Posts Tagged ‘2nd Armored Division’

The following are excerpts from Chapter 4, “Old and New Kentucky Homes,” of  A Salute to Patriotism: The Life and Work of Major General Howard L. Peckham

During the early months of 1942, the Philippines, a country Howard Peckham had gotten to like and know very well as a young lieutenant, suffered from one capitulation after another.

      After General MacArthur left the Philippines and found safety in Australia, President Roosevelt ordered Jonathan Wainwright to succeed him as the commander of the American and Filipino forces. Then-Lieutenant General Wainwright took on this task with courage and hoped that fate would treat him well. Success was impossible to achieve, however. Only a few weeks later, he wrote these words to Douglas MacArthur from Corregidor, “We have done our best, both here and on Bataan.”

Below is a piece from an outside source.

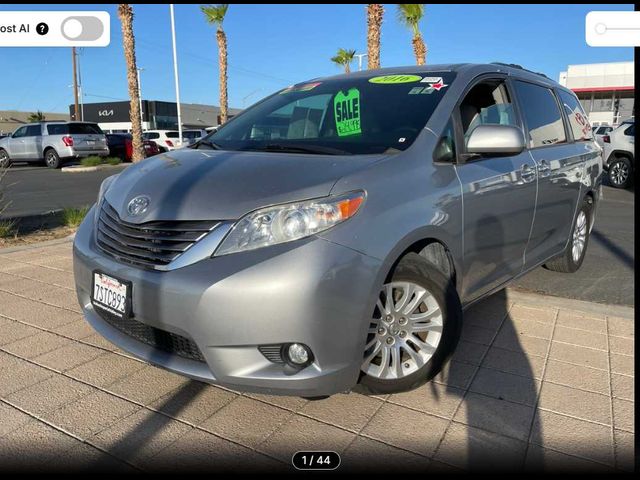 2016 Toyota Sienna XLE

The next day, May 6, 1942, he surrendered to the Japanese.

      He was then held in prison camps for three years, during which he lived in squalor and a state of near-starvation. Those years were agonizing for his wife, Adele Wainwright, who worried about him unceasingly. I knew a little bit about the Philippines already then, primarily because of the two brass containers that went with us from home to home.“They’re called chow pots,” my father explained to me one day. “After meats, fish, and other foods were cooked, Filipino people could sit in a circle, reach into the pot, and help themselves.”

In the spring of 1942 Dad received new orders. So, at the end of May, our chow pots and other household goods were packed and placed in a large van.

      We then left Fort Benning. In our four-door sedan, Dad drove us on scenic narrow roads adjacent to the budding fruit trees of Georgia, the hills and dales of Tennessee, and finally the lovely blue-green pastures of Kentucky. Our destination was Fort Knox, named after George Washington’s chief of artillery.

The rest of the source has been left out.